Dreaming of Moshiach

Thursday, November 16, 2006

HaShem's Providence

Rabbi Chananiah ben Teradyon and his wife had two sons and two daughters, (zs'l). One son associated with robbers and was put to death and the other was a Torah scholar. His well known daughter was Beruria and his other daughter was condemned to spend her life in a brothel because of a sin she had committed in the area of tznius (modesty).

She was walking down the street and heard some Romans behind her say, "See how graceful are the footsteps of this maiden" and she became conscious of her graceful walk and paid attention to her steps--not that she changed her way of walking, but that she was now conscious of it and was presumably flattered by the attention.

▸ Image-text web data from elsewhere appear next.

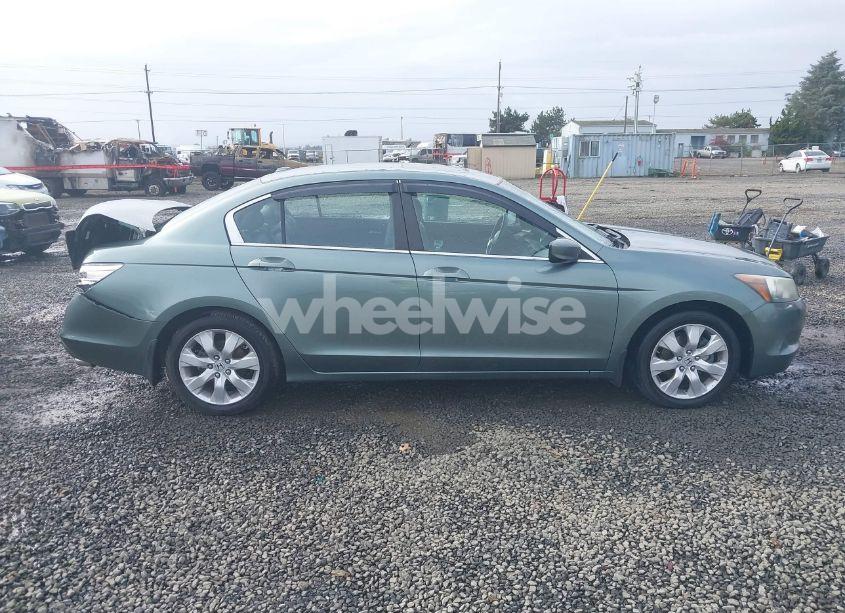 Photo 13 of 2009 Honda Accord 2.4 EX-L (VIN 1HGCP26869A000711)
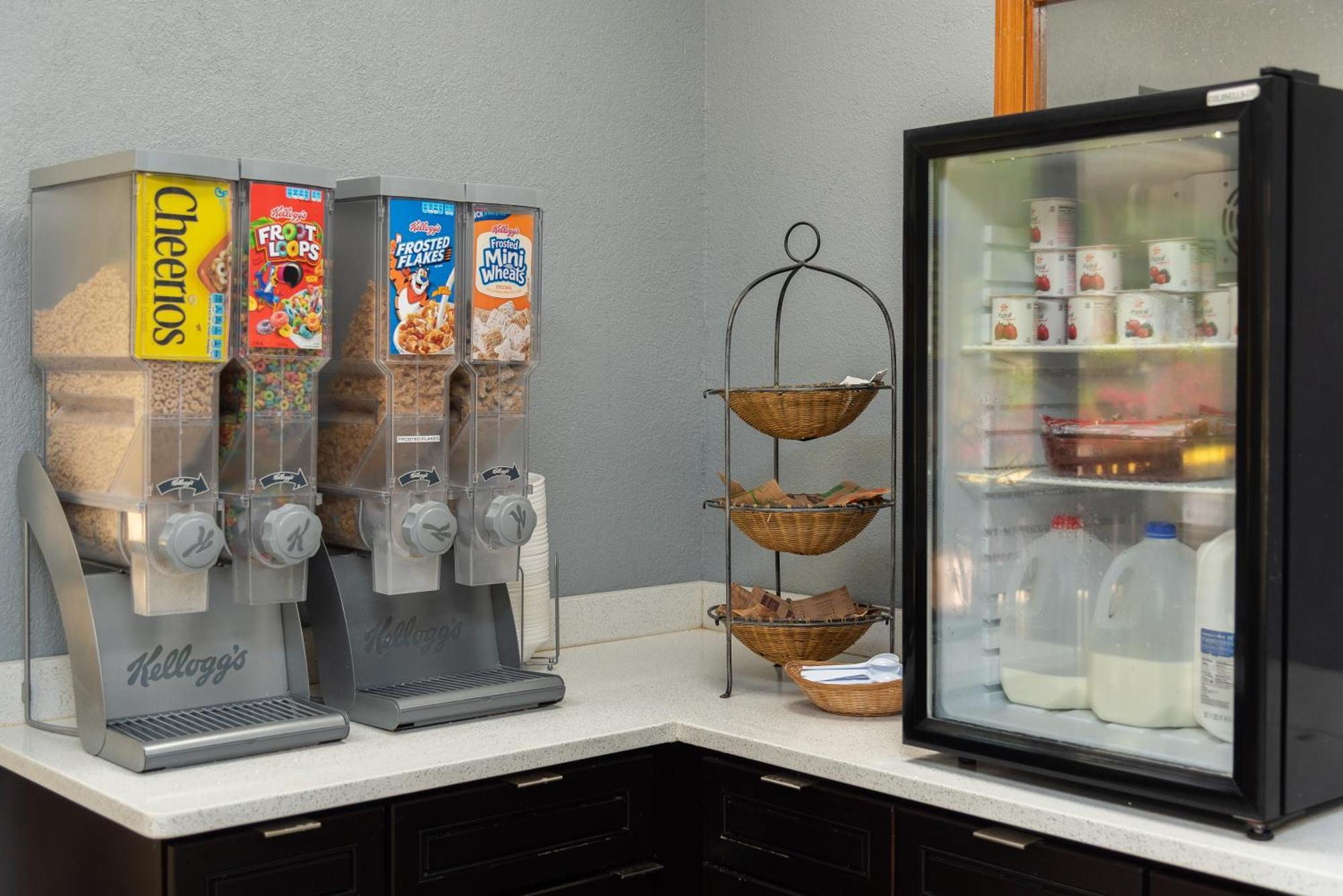 Columbus Inn And Suites Extérieur photo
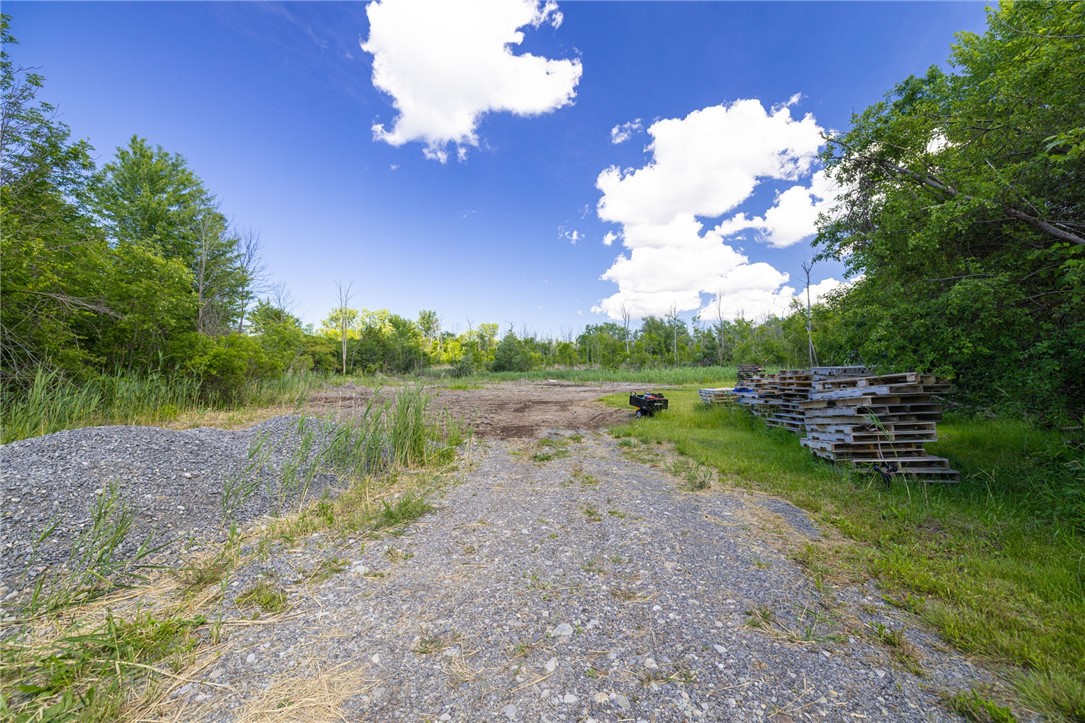 1652 Manitou Road Greece, NY 14626 - Photo 20 of 24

The Romans brought R’ Chanina ben Teradyon to trial. They said to him "did you engage in Torah study which we have banned?" He answered them by reciting a posuk “As Hashem my G-d has commanded me” (Devarim 4:5). They immediately sentenced him to death by burning. They then also sentenced his wife to death for not preventing him for doing so.

The Gemara relates that when the three of them left the courthouse they accepted the righteousness of the Judgment upon themselves. They attributed their punishments to a subtle sin that they had committed. Rebbi Chanina said “the Rock – His work is perfect for all his ways are justice” (Devarim 32:4). His wife said the remainder of the posuk “A G-d of faithfulness and without iniquity, righteous and fair is He”. His daughter said, “Great in counsel and mighty in deed your eyes are open upon all the way of mankind to give each man according to his ways and the fruit of his deeds” (Jerimiah 32:19).

The awesome greatness of Rabbi Chanina Ben Tardyon, his wife and daughter lay not only in how they accepted their martyrdom and the harsh decree of Hashem but also in how they expressed their faith in Hashem at this moment. Their expression of faith and the manner in which they did so at such a time was a true expression of love for Hashem.

Rabbi Chanina was on the ten martyrs sentenced to death by the Romans. He was burnt, wrapped in the Torah scroll that he had been holding when he was arrested. Tufts of wool soaked in water were placed over his heart so that his death should be prolonged.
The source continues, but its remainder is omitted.